Changes for 2020 due to COVID-19: Due to the COVID-19 emergency, CMS has issued an Interim Final Rule that will modify the calculation of the 2021 and 2022 Medicare Advantage Star Ratings to address the expected disruption to data collection and measure scores, and avoid creating incentives that, according to CMS, might lead plans to place cost considerations above patient safety.
12. More than 3 million Medicare beneficiaries are enrolled in Special Needs Plans in 2020
More than three million Medicare beneficiaries are enrolled in Special Needs Plans (SNPs). SNPs restrict enrollment to specific types of beneficiaries with significant or relatively specialized care needs. The majority of SNP enrollees (86%) are in plans for beneficiaries dually eligible for Medicare and Medicaid (D-SNPs), Another 11 percent of enrollees are in plans for people with severe chronic or disabling conditions (C-SNPs) and 3 percent are in plans for beneficiaries requiring a nursing home or institutional level of care (I-SNPs).

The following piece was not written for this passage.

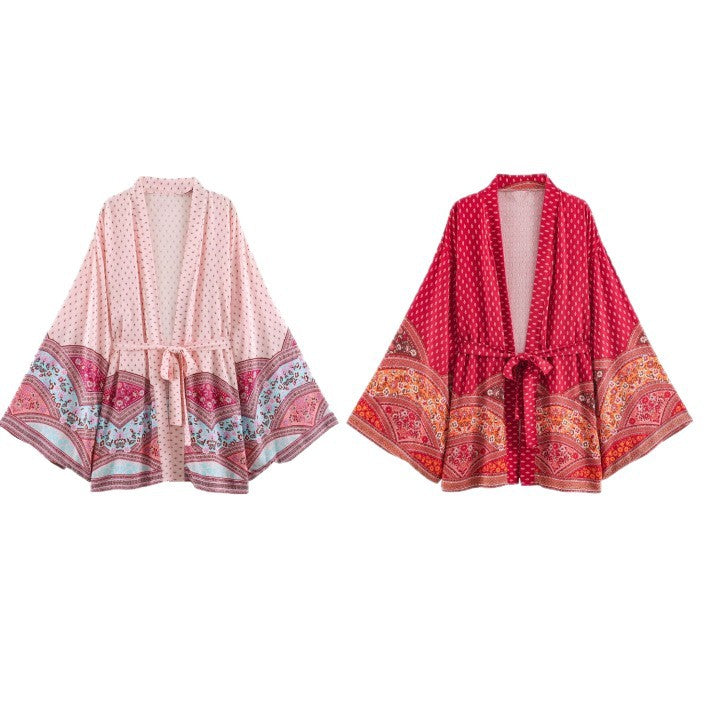 Damen Kimono-Wickelrobe im Boho-Print mit weitem Ärmeln Drune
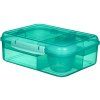Sistema Dělený svačinový box Lunch Bento s nádobou na jogurt a 2 tácky 1,65 l, mátová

Enrollment in SNPs increased from 2.9 million beneficiaries in 2019 to 3.3 million beneficiaries in 2020 (15% increase), accounting for about 14 percent of total Medicare Advantage enrollment in 2020, with some variation across states. In nine states, the District of Columbia, and Puerto Rico, enrollment in SNPs comprises at least one-fifth of Medicare Advantage enrollment (55% in DC, 48% in PR, 23% in SC, 23% in NY, 21% in AR, 21% in GA, 21% in MS, 20% in AZ, 20% in FL, 20% in LA, and 20% in TN). Most C-SNP enrollees (94%) are in plans for people with diabetes or cardiovascular disorders in 2020. Enrollment in I-SNPs has been increasing but is still fewer than 100,000 beneficiaries in 2020.
Changes for 2020 due to COVID-19: In response to the public health emergency, CMS will use discretion when enforcing certain oversight and monitoring activities relating to SNPs, including if Medicare Advantage plans do not fully comply with their approved SNP model of care (MOC) or if plans experience delays in recertifying SNP eligibility.
Meredith Freed and Tricia Neuman are with KFF.
Anthony Damico is an independent consultant.
|Data and Methods|
|This analysis uses data from the Centers for Medicare & Medicaid Services (CMS) Medicare Advantage Enrollment, Benefit and Landscape files for the respective year. KFF is now using the Medicare Enrollment Dashboard for enrollment data, from March of each year.
In previous years, KFF has used the Medicare Advantage Penetration Files to calculate the number of Medicare beneficiaries eligible for Medicare. The Medicare Advantage Penetration Files includes people who were previously, but no longer covered by Medicare (e.g., people who obtained employer-sponsored health insurance coverage after initially enrolling in Medicare). It also includes people within 5 months of their 65th birthday, but not yet age 65. In addition, CMS has identified an issue where beneficiaries with multiple addresses were double counted in the Penetration File. KFF has refined its approach this year and is using the Medicare Enrollment Dashboard to calculate the number of Medicare beneficiaries because it only includes Medicare beneficiaries with either Part A or Part B coverage, which is a more accurate estimate of the Medicare population. The numbers published here supersede all prior estimates by KFF of the number of Medicare beneficiaries.
Cost plans are grouped with Medicare Advantage plans, and this analysis uses the term Medicare Advantage to refer to both types of plans, even though cost plans are paid differently and subject to different rules. Enrollment counts in publications by firms operating in the Medicare Advantage market, such as company financial statements, might differ from KFF estimates due to inclusion or exclusion of certain plan types, such as SNPs or employer plans.